Sunday, August 24, 2008

stuck in the groove

terii aa.Nkhe.n bhuul bhulaiyaa (hare raam hare raam) from Bhool Bhulaiya was admittedly catchy and well-mixed. But it's also one of those sticky lingering artifacts of a music director's work that refuse to fade away as he/she moves to the next project. I can't shake off that feeling of hare vu as I listen to tuu hai merii soNiye from Kismat Konnection and bas ek ki.ng from Singh is Kinng -- that Neeraj Shridhar, who belted out the original song of devotion and skimpy damsels, shows up again on both tracks doesn't help matters.

It happened when Vishal-Shekhar moved on from Cash -- the rhythm track in Tashan's chhaliyaa owed something to naa puuchh.
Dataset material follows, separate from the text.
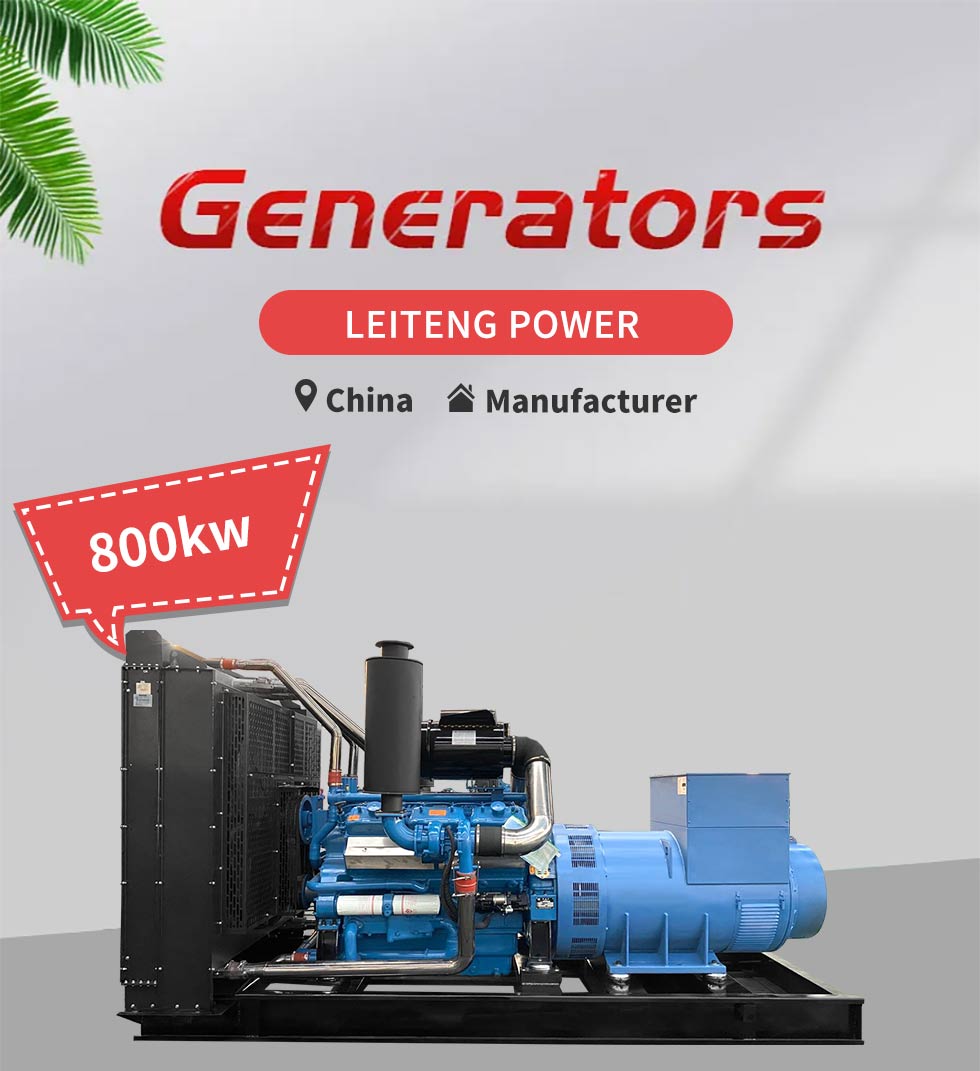 yuchai-800-detimg-01.jpg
And when Raja Hasan's voice broke out on maarii tiitarii in De Taali, it was as if he had begun to sing taalii bajaawe (Tashan me.n) from Tashan.

If memory serves me right, A R Rahman's Taal leaked into one of Padayappa or Sangamam (all I remember is my reaction; alas, I wish I could be confident about the Tamil film).
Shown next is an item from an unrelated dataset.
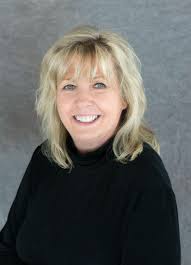 90 Seconds To Impact!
This isn't meant to stray into territory covered by long discussions on the "signatures" of music directors or on how they reuse their tunes in part (an interlude in one song becomes the mukha.Daa of another; a motif on the background score evolves into a song for playing hide-and-tree) or whole (Hridaynath churned out a robust melody for Lata to sing both Ghalib's rone se aur and Lekin's suniyo jii). This is thus not the place to mention that kisakaa hai ye tumako i.ntezaar mai.n huu.N naa (Main Hoon Na) was born as dha.Dakataa hai dil in Baazi; this is not the time to note a little interlude on the flute in Abhay's koyal-sii milii tumako prefigures the title song of Kal Ho Naa Ho.

Rajesh Roshan found inspiration in When Johnny Comes Marching Home when he delivered na bole tum na mai.nne kuchh kahaa in Baaton Baaton Mein (Had you already watched Stalag 17 or Dr. Strangelove or: How I Learned to Stop Worrying and Love the Bomb, you'd have been wise on the lift; or perhaps it took the third edition in the Die Hard saga to jog your memory). Have you ever noticed how that tune shares a lot with the title whistle in A Fistful Of Dollars?

We end with offering a musical reason to remember and talk about skin flicks. Wild Orchid, one of the more famous works in the canon of Zalman King, boasts an interesting soundtrack, a song from which, Bird Boy features prominently in a scene as the camera follows Mickey O'Rourke and Carré Otis walking -- that melody showed up later to contribute to Nadeem Shravan's success with koii na koii chaahiye in Deewana; years later, Anand Raj Anand made jaane kyaa hogaa raamaa hay in Kaante). And if you want to hear that loop from maa.Ngataa hai kyaa from Rangeela, go watch Emmanuelle in Space.